Consigue bos resultados con so 100000 carazteres, pero a base de comerse a memoria, na miña maquina aws con 100000 casi se come toda a memoria.

** Get good result only using 100000 carazters for training, but it use a lot of memory **

This work is based on https://github.com/udacity/aind2-rnn/blob/master/RNN_project.ipynb



In [1]:
import sys
sys.path.insert(0, '../aux/')
import numpy as np
from beiras_aux import load_text,predict_next_chars,load_coded_dictionaries


## Load the data
First we load the data and preprocess:
* Lower
* remove lines with http links
* remove symbols: '[ºªàâäçèêïìôöü&%@•…«»”“*/!"(),.:;_¿¡¿‘’´\[\]\']'

In [11]:
window_size = 100
step_size = 1
X,y,chars,chars_to_indices,indices_to_chars,text_clean=load_text('../data/Beiras.txt',window_size,step_size);

* X .- Array shape (sentences, window_size, num_chars) .- Input for training.
* y .- Array shape (sentences, num_chars) .- Output for training.
* chars . -Array with chars we have in the clean text
* chars_to_indices,indices_to_chars .- dictionaries to convert fron number to char and char to index
* text_clean .- All the text clean.

**In this case, the output of the network is a sequence, then y, the output used for training must be a sequence.**

This uses more memory, then we use a reduced training dataset.


In [17]:
TEXT_TO_USE=100000
def window_transform_text(text,window_size,step_size):
    # containers for input/output pairs\n",
    inputs = []
    outputs = []
    #Number of windows to create\n",
    n_windows=int((len(text) - window_size)/ step_size)
    for j in range(n_windows) :
        # k .- Start index
        k= j * step_size
        inputs.append(text[k:(k+window_size)])
        outputs.append(text[k+window_size])
    return inputs,outputs
def encode_io_pairs_distributedtime(text,window_size,step_size):
    # number of unique chars\n",
    chars = sorted(list(set(text)))
    num_chars = len(chars)

    # cut up text into character input/output pairs\n",
    inputs, outputs = window_transform_text(text,window_size,step_size)
    # create empty vessels for one-hot encoded input/output\n",
    X = np.zeros((len(inputs), window_size, num_chars), dtype=np.bool)
    y = np.zeros((len(inputs), window_size, num_chars), dtype=np.bool)

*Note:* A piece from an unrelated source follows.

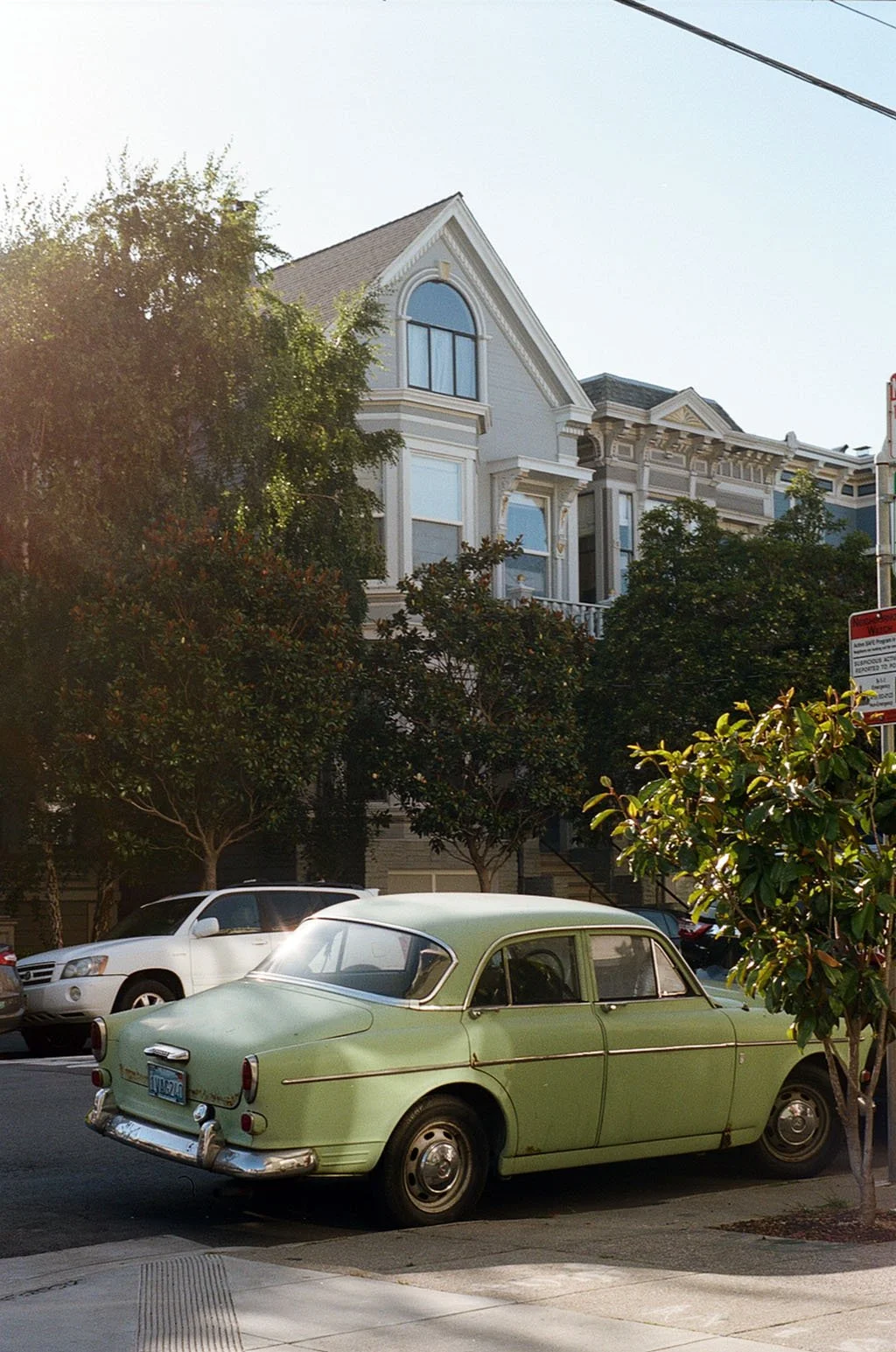 A vintage green car parked on the street with modern houses and trees in the background.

    # loop over inputs/outputs and tranform and store in X/y\n",
    for i, sentence in enumerate(inputs):
        for t, char in enumerate(sentence):
            X[i, t, chars_to_indices[char]] = 1
            if (t>0):
                y[i, t-1, chars_to_indices[char]] = 1
                y[i, len(sentence)-1, chars_to_indices[outputs[i]]] = 1
    return X,y
X_distributedtime,y_distributedtime = encode_io_pairs_distributedtime(text_clean[TEXT_TO_USE:],window_size,step_size)

1074280 100 55


MemoryError: 

## Test we have a GPU
I used a g2.2xlarge EC2 machine. Without a GPU this is too slow.

In [6]:
from tensorflow.python.client import device_lib
device_lib.list_local_devices()

[name: "/cpu:0"
 device_type: "CPU"
 memory_limit: 268435456
 locality {
 }
 incarnation: 13253911401161739314, name: "/gpu:0"
 device_type: "GPU"
 memory_limit: 26214400
 locality {
   bus_id: 1
 }
 incarnation: 7405973703273733530
 physical_device_desc: "device: 0, name: GRID K520, pci bus id: 0000:00:03.0"]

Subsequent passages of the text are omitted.